A Catanzaro esisteva “un sistema generale di corruzione di magistrati che vedeva come cardini due avvocati… in tale sistema il ruolo essenziale veniva svolto dai consulenti, periti, amministratori, i quali venivano nominati su indicazione degli indicati avvocati”.

L’EX PARLAMENTARE MASSONE

Tra i legali citati da Saraco c’è anche Pittelli, il potente berlusconiano, ex parlamentare di Forza Italia, massone del Grande Oriente d’Italia. “La massoneria ti apre autostrade mondiali”, spiegava Pittelli intercettato che, secondo il collaboratore di giustizia Andrea Mantella “aveva entrature nel Tribunale di Catanzaro, era una potenza perché era un massone”. Pittelli è imputato di concorso esterno alla mafia, il processo con rito abbreviato inizierà il 13 gennaio. Era stato arrestato nella maxi inchiesta sul clan Mancuso con centinaia di arresti del 19 dicembre 2019 firmata dalla procura antimafia di Catanzaro. Le comici del Ros avevano registrato una cena nella sua abitazione con magistrati e altri professionisti.
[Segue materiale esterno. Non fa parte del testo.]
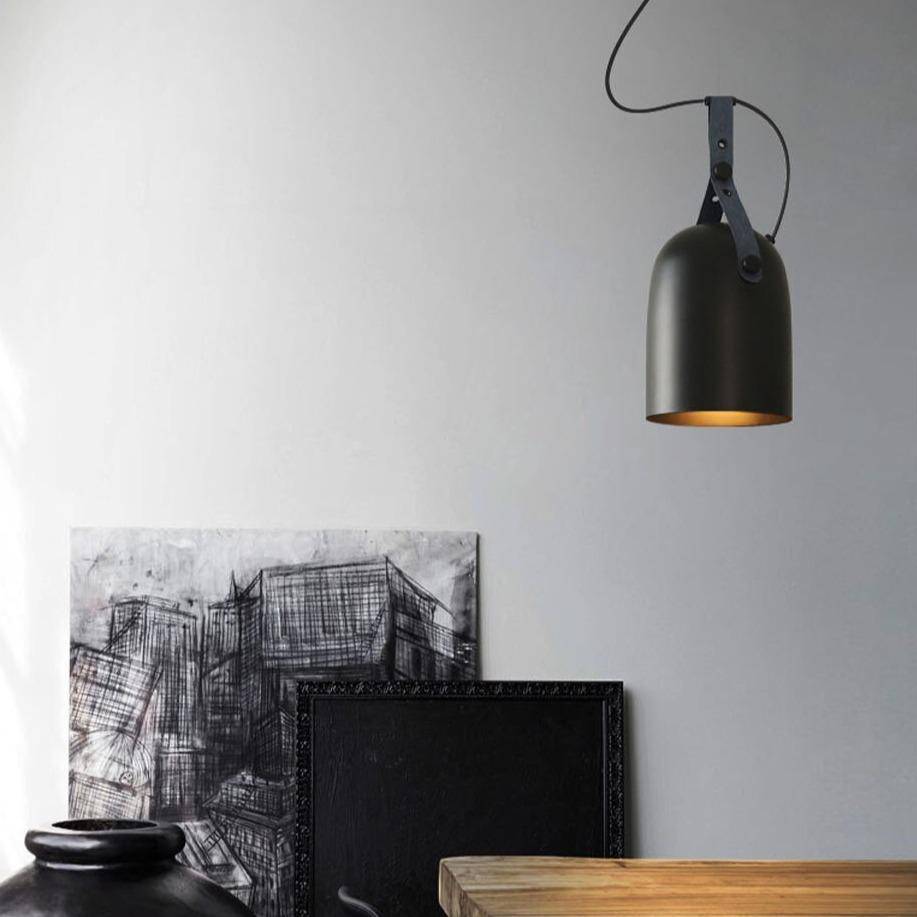 Suspension design LED avec abat-jour en métal arrondi Loft - vue 4 sur 11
Una serata conviviale finita in informative senza ipotesi di reato inviate alla procura di Salerno competente sui magistrati catanzaresi.

Funziona così il “sistema Catanzaro”, amicizie, favori, mazzette e sentenze comprate, dicono i pentiti e i testimoni. Una “congrega” appunto per usare le parole di Mantella, ex della ‘ndrangheta.